Cebinizde 5 kuruş olmadan okula giderken yerde gördüğünüz para 20 ytl ise insanı tereddüte düşürsede allahın lütfuyla gaflete düşürmeden gerçekleştirilmiş eylemdir.
yerdeki para bozuk paraysa ve mahalle kahvesinin hemen önündeki kaldırımda duruyorsa zaten eğilip almamak menfaatiniz icabıdır.yerden alınacak 1 lira size birçok şey kaybettirebilir.
aptalliktir. dusuren insan o noktaya gelip o parayi bulabilecek midir ki? o noktaya gelse bile para yerinde duruyor olacak midir? alin harcayin ne guzel.
efendim enayiliktir.Enflasyonu yok saymaktır yarınını düşünmemektir.Bulunan parayla ne kadar da güzel iddia oynanacağı hakkında fikir sahibi olmamaktır.

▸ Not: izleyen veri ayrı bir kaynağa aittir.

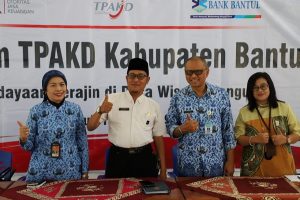 Program Pemberdayaan UMKM Desa Mangunan dan Dlingo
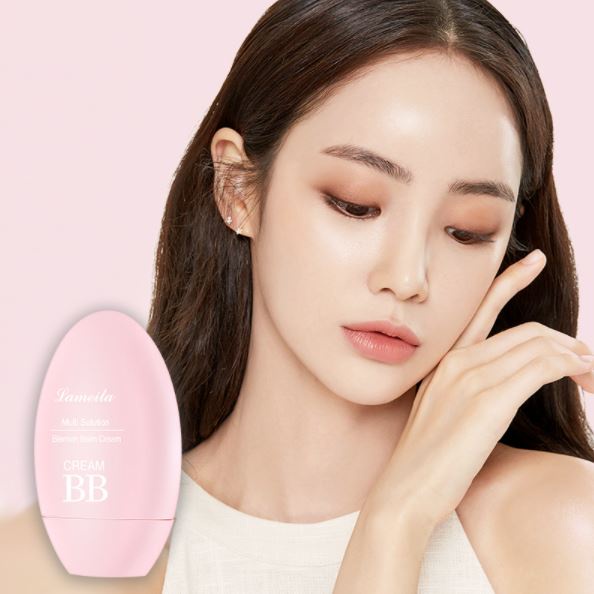 Kem Nền Lameila Vỏ Hồng BB Cream Moisturing - Kem BB Che Khuyết Điểm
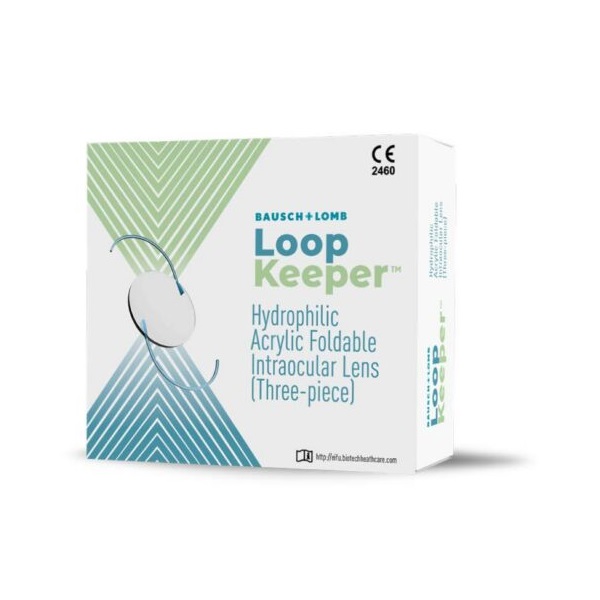 Soczewki wewnątrzgałkowe Bausch & Lomb Loop Keeper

yerine göre değişecek bir harekettir. şöyle ki toplu taşıma araçlarında, herhangi bir kurumda ve özellikle de okul ortamında yerde bulunan paraları bizzat gidip ilgili kişiye (görevli, müdür veya müdür yardımcısı) teslim ederim. nasılsa paranın ulaşacağı yer bellidir. fakat yolda bulduğum para benim sayılır arkadaşım. ben o parayı kime güvenip de vereyim. şahsen ögrenciyse parayı bulan şahıs -ki öyleyim- zaten o ögrencinin her daim paraya ihtiyacı vardır. o sizin şansınızdır. **
aldiktan sonra üç kere 'bu kimin?' diye seslice bagirmasi gerekir. eğer ki cevap gelmezse para artik onundur, tillahi gelse alamaz. ama bagirma onemli.